Your goal: Among the records that follow, find the line with "a ferris wheel" and the line with "A spoonful of piped white buttercream.". Set down those lines and all lines between them exactly, without adding anything.

··········

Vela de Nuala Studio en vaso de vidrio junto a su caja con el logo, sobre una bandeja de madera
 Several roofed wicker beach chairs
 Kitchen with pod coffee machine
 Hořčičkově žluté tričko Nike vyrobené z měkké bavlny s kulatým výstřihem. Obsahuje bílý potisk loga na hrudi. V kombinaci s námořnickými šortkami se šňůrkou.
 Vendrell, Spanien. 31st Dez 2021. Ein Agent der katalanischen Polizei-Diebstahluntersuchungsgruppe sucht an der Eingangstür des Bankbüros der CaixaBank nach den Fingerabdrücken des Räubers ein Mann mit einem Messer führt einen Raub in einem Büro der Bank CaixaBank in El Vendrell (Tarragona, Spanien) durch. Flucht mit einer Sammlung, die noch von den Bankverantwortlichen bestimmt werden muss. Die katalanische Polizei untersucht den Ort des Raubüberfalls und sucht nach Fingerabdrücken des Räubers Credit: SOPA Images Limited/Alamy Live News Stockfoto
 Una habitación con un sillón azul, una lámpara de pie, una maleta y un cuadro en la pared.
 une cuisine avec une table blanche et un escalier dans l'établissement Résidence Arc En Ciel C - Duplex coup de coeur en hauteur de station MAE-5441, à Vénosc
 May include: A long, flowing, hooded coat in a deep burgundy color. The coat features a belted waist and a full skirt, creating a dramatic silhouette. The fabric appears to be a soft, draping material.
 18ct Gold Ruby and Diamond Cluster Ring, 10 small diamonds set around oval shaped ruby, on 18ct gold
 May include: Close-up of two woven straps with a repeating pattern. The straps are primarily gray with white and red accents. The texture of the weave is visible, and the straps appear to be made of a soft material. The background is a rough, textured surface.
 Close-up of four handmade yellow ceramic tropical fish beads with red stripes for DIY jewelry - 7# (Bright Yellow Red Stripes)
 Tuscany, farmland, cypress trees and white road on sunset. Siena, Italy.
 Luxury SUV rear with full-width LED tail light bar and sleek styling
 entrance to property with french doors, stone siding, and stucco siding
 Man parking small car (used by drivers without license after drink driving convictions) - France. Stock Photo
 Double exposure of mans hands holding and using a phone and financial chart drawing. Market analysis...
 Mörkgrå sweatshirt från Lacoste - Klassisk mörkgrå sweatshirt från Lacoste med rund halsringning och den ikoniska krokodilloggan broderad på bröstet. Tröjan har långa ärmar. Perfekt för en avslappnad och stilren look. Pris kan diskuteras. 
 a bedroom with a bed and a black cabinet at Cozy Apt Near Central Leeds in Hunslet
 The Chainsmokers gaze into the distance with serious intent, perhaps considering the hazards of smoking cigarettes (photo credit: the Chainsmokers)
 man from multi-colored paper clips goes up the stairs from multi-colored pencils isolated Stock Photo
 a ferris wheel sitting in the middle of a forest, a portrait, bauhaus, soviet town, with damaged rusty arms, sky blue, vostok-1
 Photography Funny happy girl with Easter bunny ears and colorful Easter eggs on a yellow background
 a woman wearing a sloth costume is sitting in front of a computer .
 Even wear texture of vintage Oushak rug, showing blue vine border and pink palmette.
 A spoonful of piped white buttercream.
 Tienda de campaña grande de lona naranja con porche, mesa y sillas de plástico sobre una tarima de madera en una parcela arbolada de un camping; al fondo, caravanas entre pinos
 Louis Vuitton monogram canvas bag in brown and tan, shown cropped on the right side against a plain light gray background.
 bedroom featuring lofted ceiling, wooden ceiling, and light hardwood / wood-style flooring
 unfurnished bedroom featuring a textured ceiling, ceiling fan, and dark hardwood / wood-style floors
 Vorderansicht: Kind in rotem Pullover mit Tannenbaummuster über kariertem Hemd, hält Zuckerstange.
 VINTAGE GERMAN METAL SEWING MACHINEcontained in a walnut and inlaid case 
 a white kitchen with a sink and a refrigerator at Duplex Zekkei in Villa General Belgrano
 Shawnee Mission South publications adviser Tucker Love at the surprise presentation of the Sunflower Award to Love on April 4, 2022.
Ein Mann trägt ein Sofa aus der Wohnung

··········

Output of the exercise:
 a ferris wheel sitting in the middle of a forest, a portrait, bauhaus, soviet town, with damaged rusty arms, sky blue, vostok-1
 Photography Funny happy girl with Easter bunny ears and colorful Easter eggs on a yellow background
 a woman wearing a sloth costume is sitting in front of a computer .
 Even wear texture of vintage Oushak rug, showing blue vine border and pink palmette.
 A spoonful of piped white buttercream.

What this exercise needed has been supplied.